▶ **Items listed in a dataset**
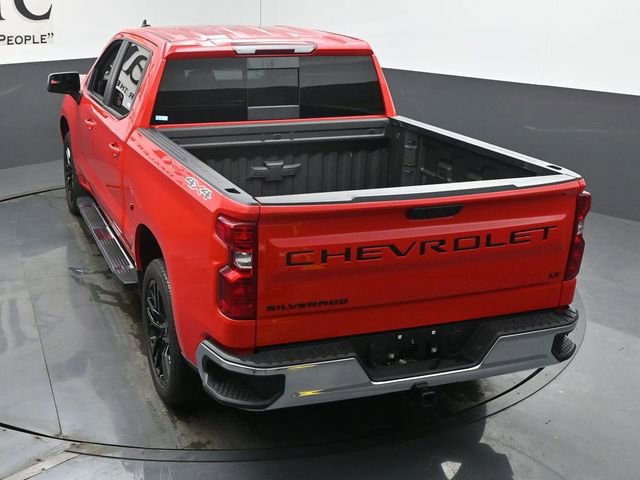 New 2025 Chevrolet Silverado 1500 LT w/ Leather Package image 33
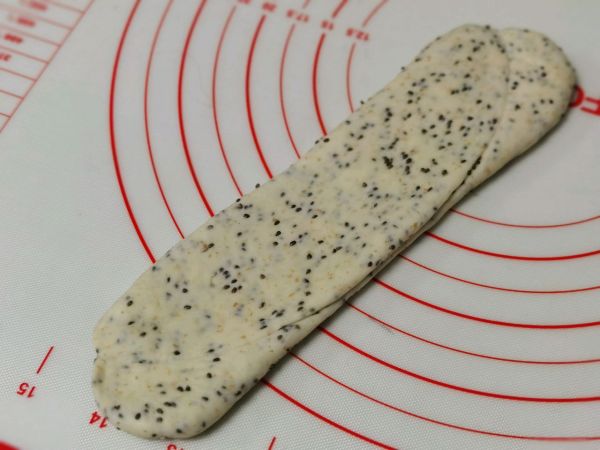 奇亚籽全麦小土司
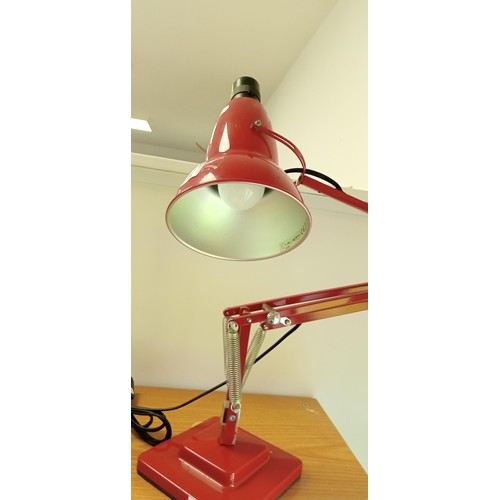 93 - Angle Poise lamp 1227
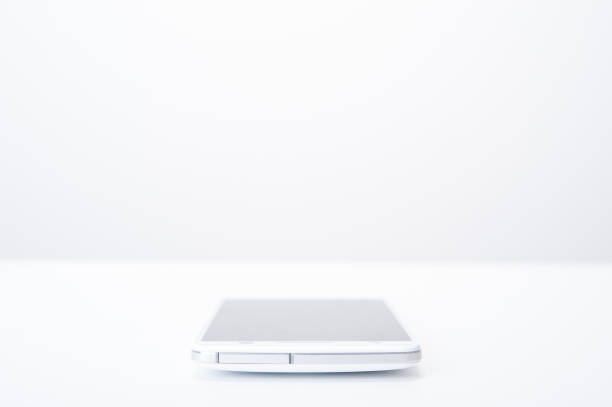 Aspects of white Smartphone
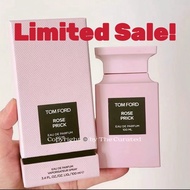專櫃正貨🏆 ✨全新現貨 ♥️ 情人節優惠 只限三件  Tom Ford Rose Prick Eau de Parfum 50 ml/100ml 湯姆•福特 荊刺玫瑰香水 50毫升/ 100毫升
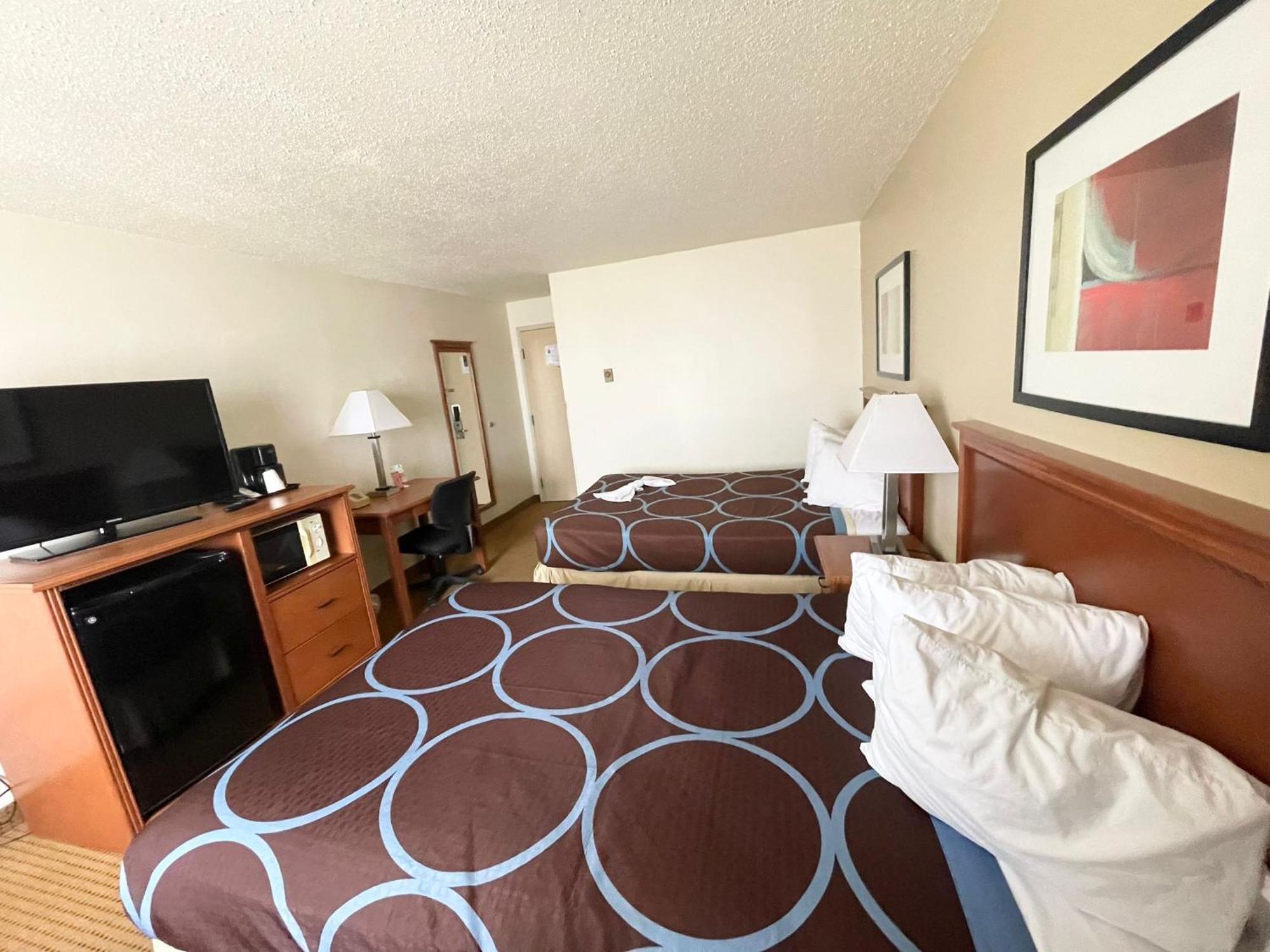 Super 8 By Wyndham Williston Nd Otel Dış mekan fotoğraf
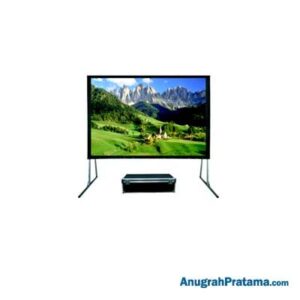 SCREENVIEW FRSV3141 200 Inch Front &Rear Projection Screen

▶ **WHAT IS NEEDED**
Print every line of the data exactly. Pictures do not belong in the copy.

▶ **SOLVED EXERCISE**
 New 2025 Chevrolet Silverado 1500 LT w/ Leather Package image 33
 奇亚籽全麦小土司
 93 - Angle Poise lamp 1227
 Aspects of white Smartphone
專櫃正貨🏆 ✨全新現貨 ♥️ 情人節優惠 只限三件  Tom Ford Rose Prick Eau de Parfum 50 ml/100ml 湯姆•福特 荊刺玫瑰香水 50毫升/ 100毫升
 Super 8 By Wyndham Williston Nd Otel Dış mekan fotoğraf
 SCREENVIEW FRSV3141 200 Inch Front &Rear Projection Screen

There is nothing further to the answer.